Artemi Panarin assisted on the Rangers’ first three goals and scored their next two in a 6-2 rout at Madison Square Garden, making it impossible for Islanders fans not to wonder what might have been.
Remember? The Islanders pursued Panarin as a free agent last summer, even outbidding the Rangers, only to see the talented Russian sign with the Blueshirts anyway for seven years and $81.5 million.
All he has done since is show why both teams were prepared to throw money at him.
Entering Monday, he was tied for fifth in the NHL with 62 points. The first Islander on that list? Mathew Barzal, tied for 50th with 37 points. The next? Brock Nelson, tied for 92nd with 31.
Panarin now has 67 after tying his career high with five points in a game.
Not that he was gloating afterward. He insisted through a translator that it was just another game for him, although he acknowledged that there might have been “some summer thing between the Rangers and Islanders.”
The echoes of that “summer thing” could be felt for a long time.
When one considers that the Islanders’ most skilled player, Barzal, is a playmaker by nature, it is tempting to consider what he would have looked like on a line with Panarin.
But coach Barry Trotz does not allow himself to go there.
“I can’t, because he’s not on our team,” he said before the game. “ . . . There was an opportunity last year that we obviously were looking at him, but he’s not with us. So I don’t really look back. I try to look forward.”
Fair enough. It also is fair to point out that the Islanders are 10 points ahead of the Rangers in the standings.
But in one sense, that makes Panarin’s decision more difficult to swallow: The Islanders would have offered more money and more wins.
Many assumed Panarin was set on playing in Manhattan and the Islanders merely provided negotiating leverage. There certainly is no sign he has regrets. On the contrary, he’s enjoying himself.

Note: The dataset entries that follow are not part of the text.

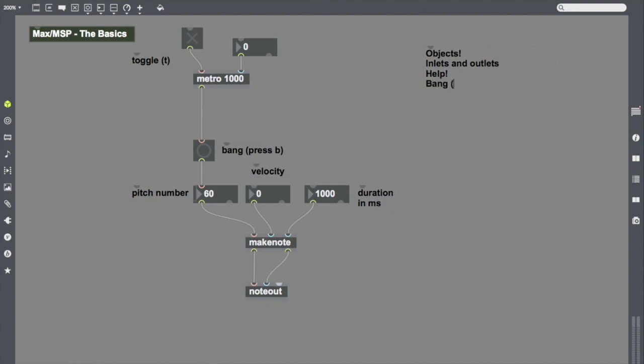We also learned about some of the basic tools of Max. The bang, shortcut just press the letter B to create one, which says go, send your information, do your thing, a sort of one-way trip. We learned about the toggle, shortcut T, which is kind of an on-off switch for objects that have on-off settings, like Metro, a cool object there.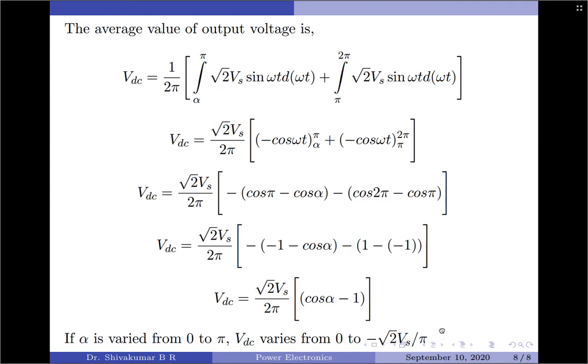That is the discussion on the principle of phase control of AC voltage controllers. Thank you.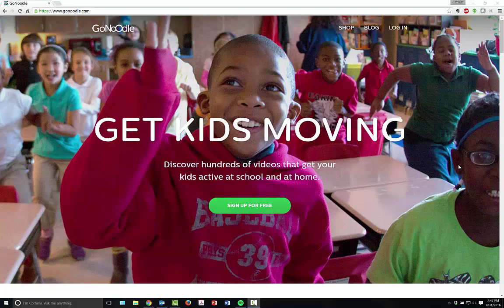Hello everyone. My name is Heather Moorfield-Lang and this is my YouTube channel Tech15. Today I'm going to be telling you about an amazingly fun tool called GoNoodle.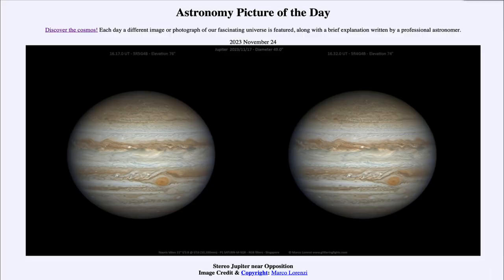Greetings and welcome to the introduction to astronomy. One of the things that I like to do in each of my introductory astronomy classes is to begin the class with the Astronomy Picture of the Day from the NASA website, that is apod.nasa.gov/apod.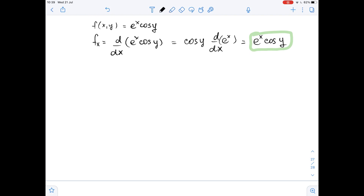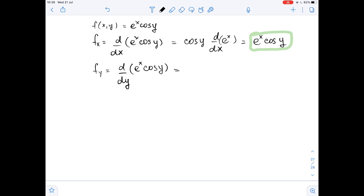Now, let's find the first partial derivative with respect to y. fy equals the derivative of e to the power of x times cosine of y, with respect to y. Here, we treat x as a constant, so e to the power of x is a constant which we can take out. It equals e to the power of x times the derivative of cosine of y with respect to y.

“In the beginning of the season, it was not really easy because of a new contract and new team, everything new,” he told Newsday in English before the game. “Right now, it’s so much better.”
Panarin, 28, said his signing decision came down to one thing: “It was in my heart. Usually I do that . . . I look inside.”

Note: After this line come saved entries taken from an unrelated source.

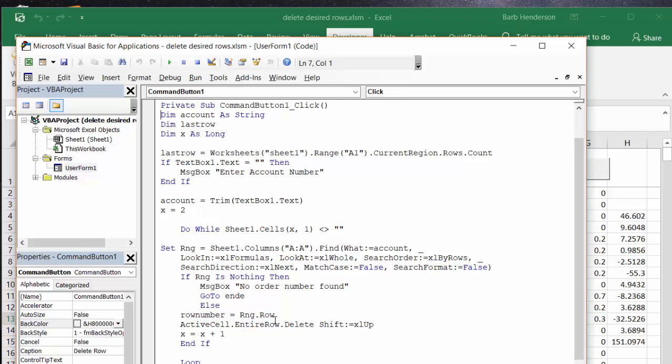Range row is the ranges that you found here, row is that row that it's on. Active cell entire row delete. And then so we don't have an extra space there, what it does is shift up, so it brings up the bottom row to make the top row fit so there's not a blank there.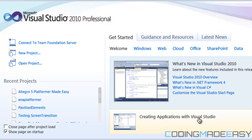Hello everybody and welcome to your first Allegro 5 platformer tutorial. In this tutorial we're going to be learning about screen state. Before I get started, I remember that I said in my video on my channel that the Allegro platformer series is here, and I also posted a poll.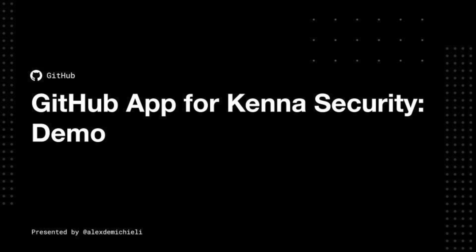Hello there, my name is Alex de Michele. I'm a partner engineer here at GitHub and today I'm going to walk you through the integration between GitHub Advanced Security and Kena Security.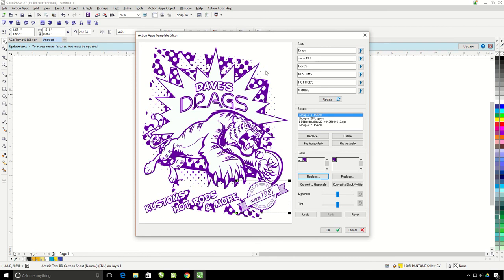So that's how the template editor works. We're going to instantly be able to change text, images, and colors.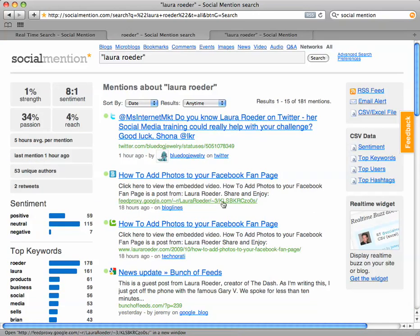So now that you have your search, you want to have a way to view this information without having to do this search every single day. The way that you do that is an RSS feed. Once you grab the RSS feed, you can add it to a feed reader such as Google Reader or my favorite called NetVibes. Once you put it in your feed reader, you can just go to that page and it'll be automatically updated.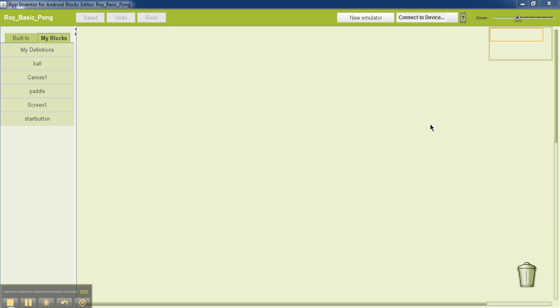So now we have opened the block editor, and in the My Blocks part, as you can see, we have entries for ball, paddle, start button, all the components that we have added to our canvas.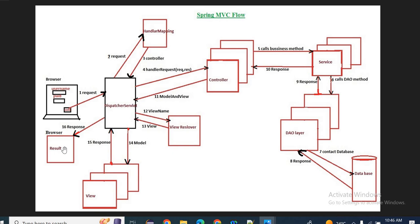You can apply this to any other project. For example, in a telecom-based project, the user is searching for plan details — say a data plan. The request comes to the DispatcherServlet, which takes the help of the HandlerMapper to find the DataPlanController. From there, it calls DataPlanService, then DataPlanDAO, which interacts with the database to fetch the data plan details for the customer. As per business logic, the service returns to the controller, which renders the model object to the DispatcherServlet. The ViewResolver identifies the view and displays the results.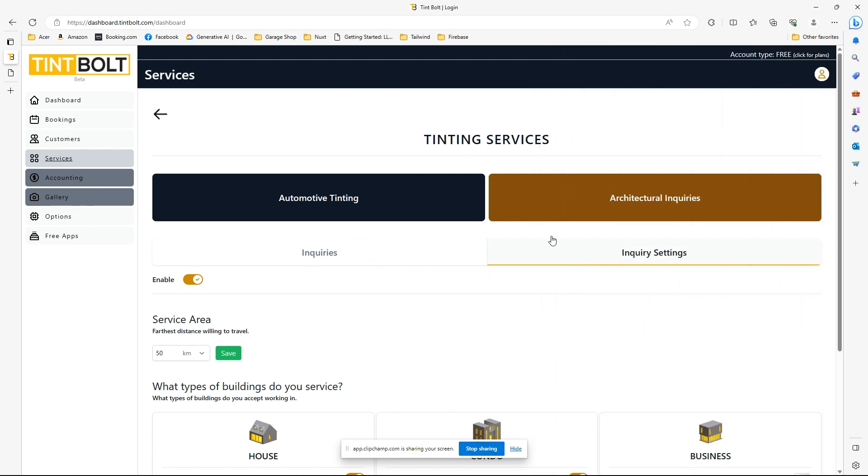And then there you go, that inquiry will show up here. You will get an email when the inquiry comes through, and yeah, there you go. So this is the new flat glass architectural inquiry feature in Tintbolt.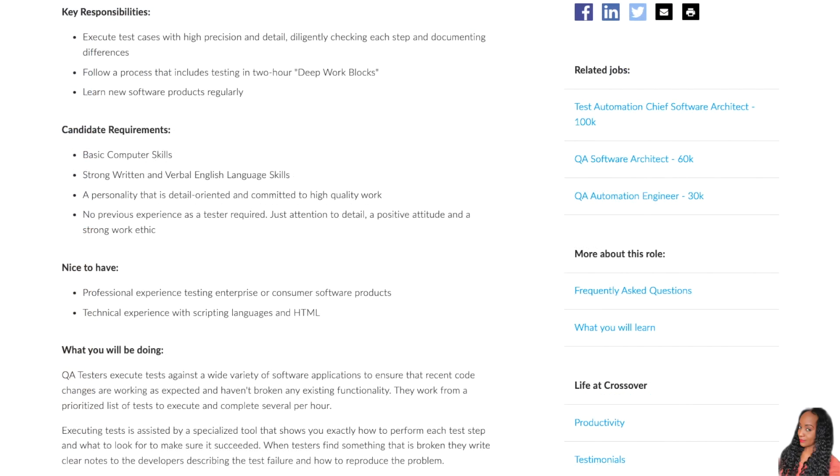The key responsibilities of this job is going to involve you executing test cases with high precision and detail. You're going to be diligently checking each step and documenting differences. You're going to also follow a process that includes testing in two hour deep work blocks and learn new software products regularly.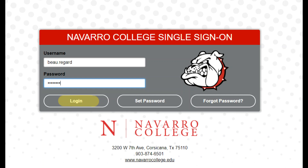Welcome to Single Sign-On. This will be the new login page, which will allow you to use one password across all of your accounts. This is also where you can reset your password at any time.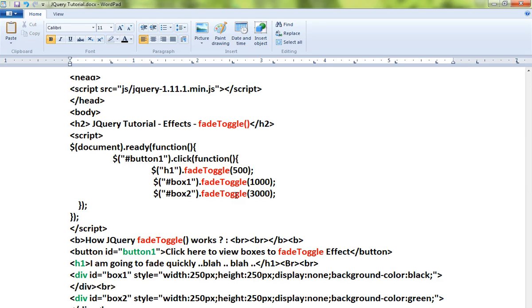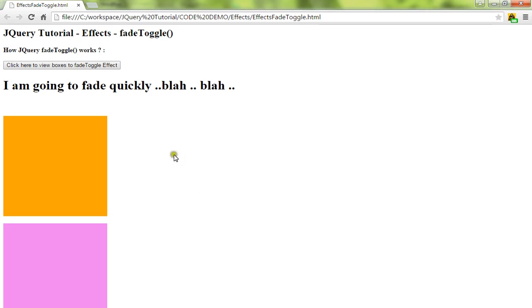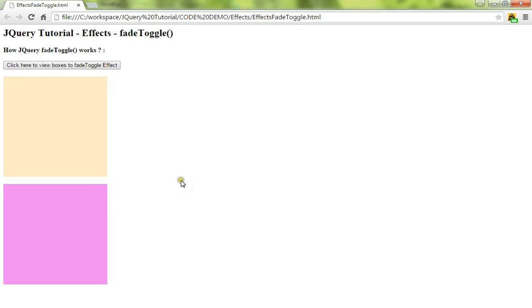Let me show you the demo. When I click on this button, all these three elements - h1, div, and div - will give a fading effect. Can you see that?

Jacob Trouba was asked after the game if anything Panarin does surprises him anymore, and he said, “Yeah, pretty much everything. We just sit on the bench and some of the stuff, guys will look at each other and just be like ‘Wow.’ ”
Ryan Strome, Panarin’s linemate and a former Islander, said before the game, “Having him on the wing is just crazy. Just the way he sees the ice and the plays he makes, it makes the game so easy for me.”
Asked before the game how to best deal with Panarin, Trotz laughed and said, “Keep him on the bench as much as you can, that’d be the best thing. The flu bug, things like that.”
When it was over, Trotz said he tried in vain to find an answer for Panarin’s line. “He had five points,’’ he said, “and probably could’ve had eight points in terms of the chances that occurred.”
Strome did not disagree with the idea that his old team could benefit from a sniper like Panarin. “For sure,” he said. “But at the end of the day, every team needs a guy like him, right?”